Centralized learning
--------------------
In centralized learning, to train a machine learning model, we need a "trainer" that trains the model on a training dataset and evaluates it using an evaluation dataset. The key components of this process are the following:
- Model: A machine learning model that we want to train.
- Datasets: Datasets that contain the training and evaluation data.
- Trainer: Algorithm that trains the model on the training dataset and evaluates it on the evaluation dataset, more specifically, its key components are:
(1) Loss function for updating the model parameters.
(2) Optimizer and its hyperparameters (e.g., learning rate, momentum, etc.)
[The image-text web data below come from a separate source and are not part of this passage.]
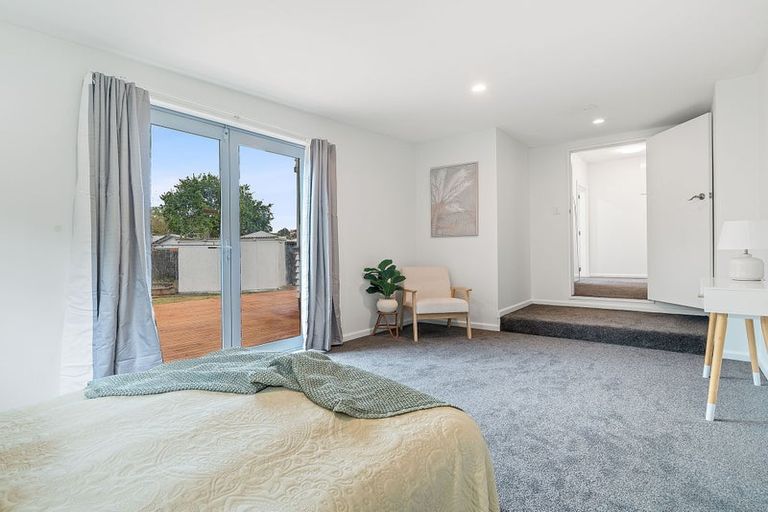 Photo of property in 267 Centaurus Road, Saint Martins, Christchurch, 8022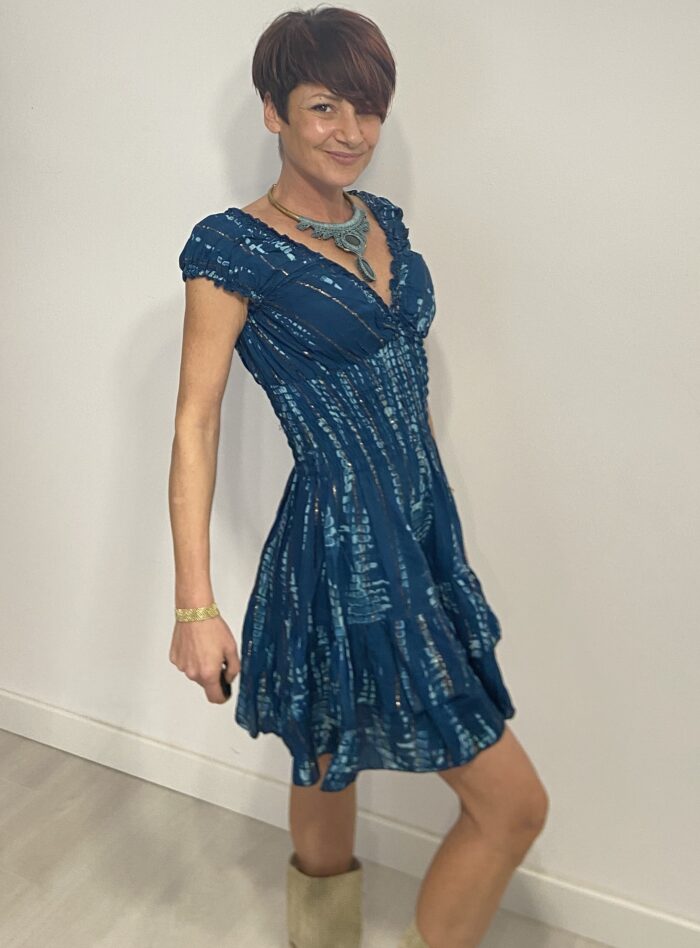 Vestido corto drapeado y elástico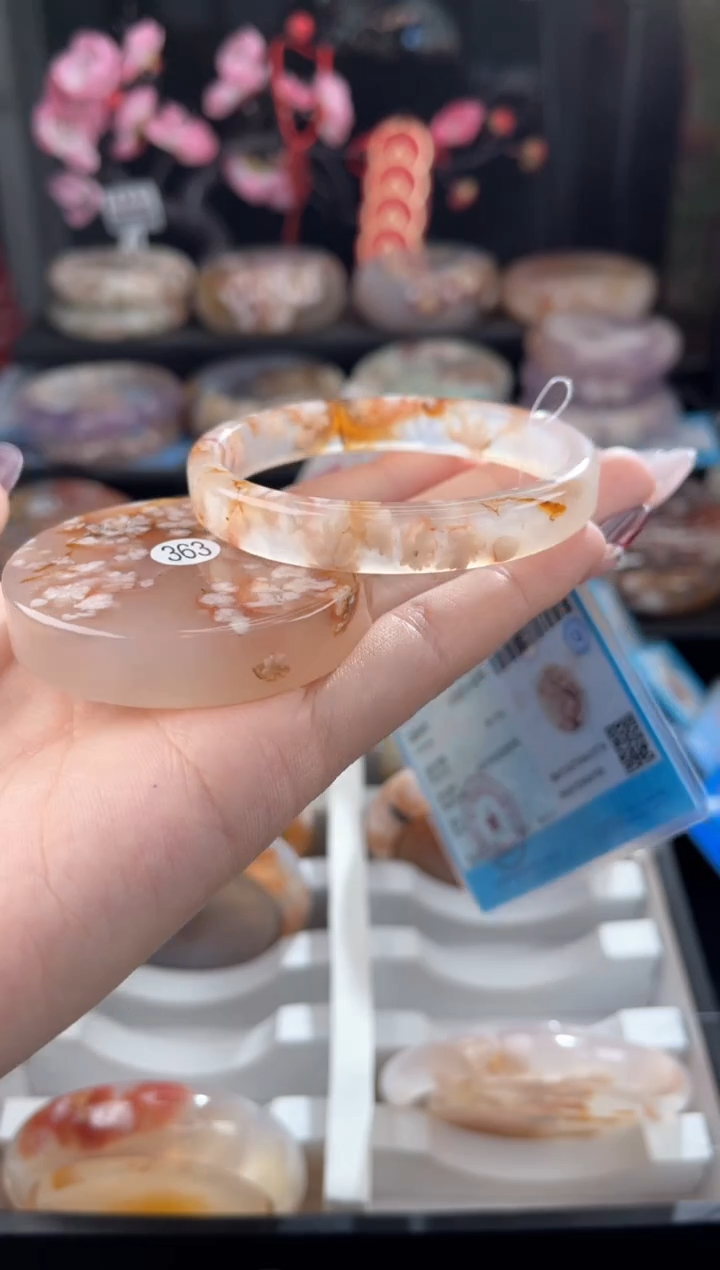 【闪购商品】石英质玉手镯未镶嵌55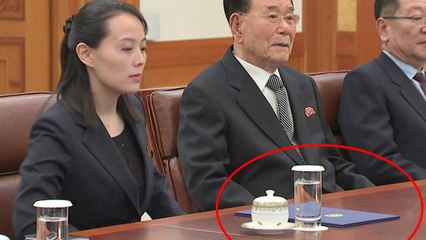 김여정 앞에만 놓인 '의문의 서류' / YTN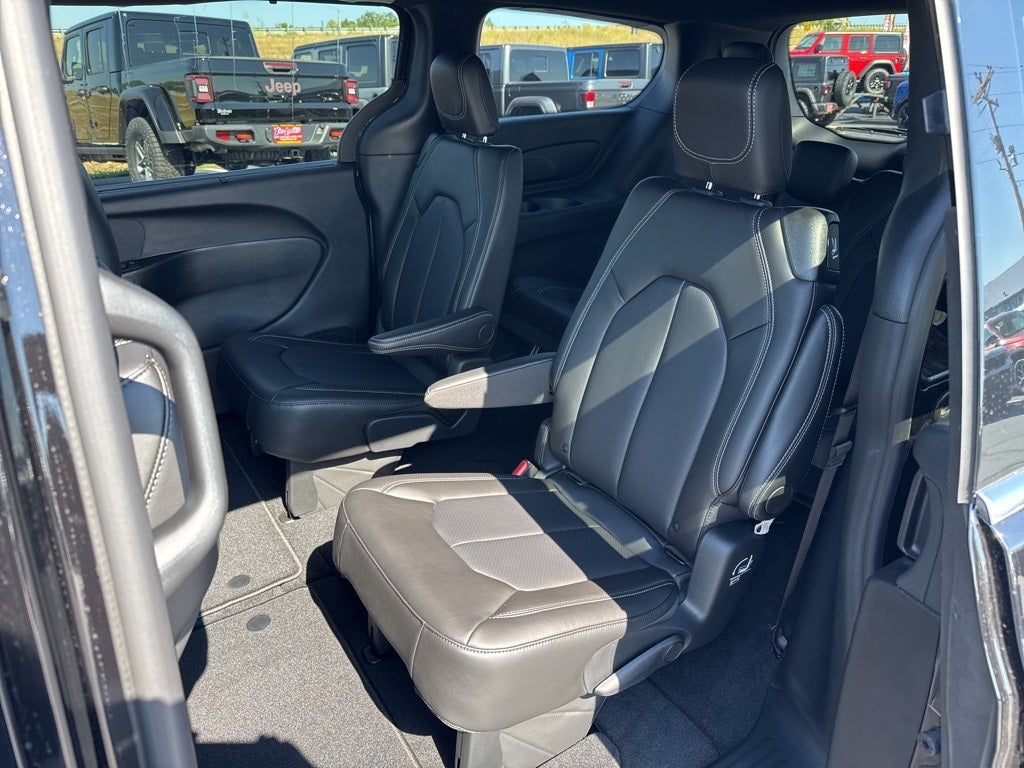 2025 Chrysler Pacifica PACIFICA SELECT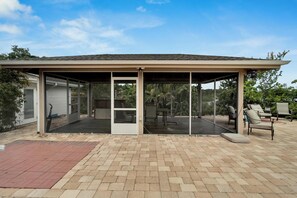 Outdoor porch 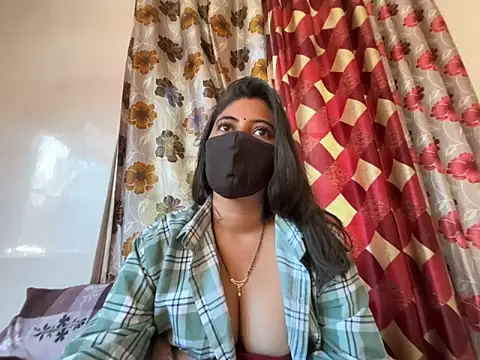 Snapshot of okbent chatting on November 3, 2025, 7:31 am okbent online show from November 3, 2025, 7:31 am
(3) Metric function that measures the performance of the model.
(4) Other hyperparameters (e.g., batch size, number of epochs/steps, etc.)
From centralized to federated learning
--------------------------------------
To move from centralized learning to federated learning, the following additional components are needed
- Exchanged parameters: What parameters are exchanged between the server and clients for aggregation purposes.
- Aggregation algorithms: How the parameters are aggregated.
- Other hyperparameters (e.g., number of clients, number of communication rounds, etc.)
In addition, we need to consider how to efficiently configure the distributed training process. In ``APPFL``, we choose to use a server configuration YAML file to specify necessary server-specific configurations (e.g., aggregation algorithm, number of communication rounds, number of clients, etc.) as well as general client configurations that should be the same for all clients (e.g., model architecture, trainer, loss function, metric function, optimizer and its hyperparameters, batch size, number of local epochs/steps, etc.). All these general client configurations will be shared with all clients at the beginning of the training process.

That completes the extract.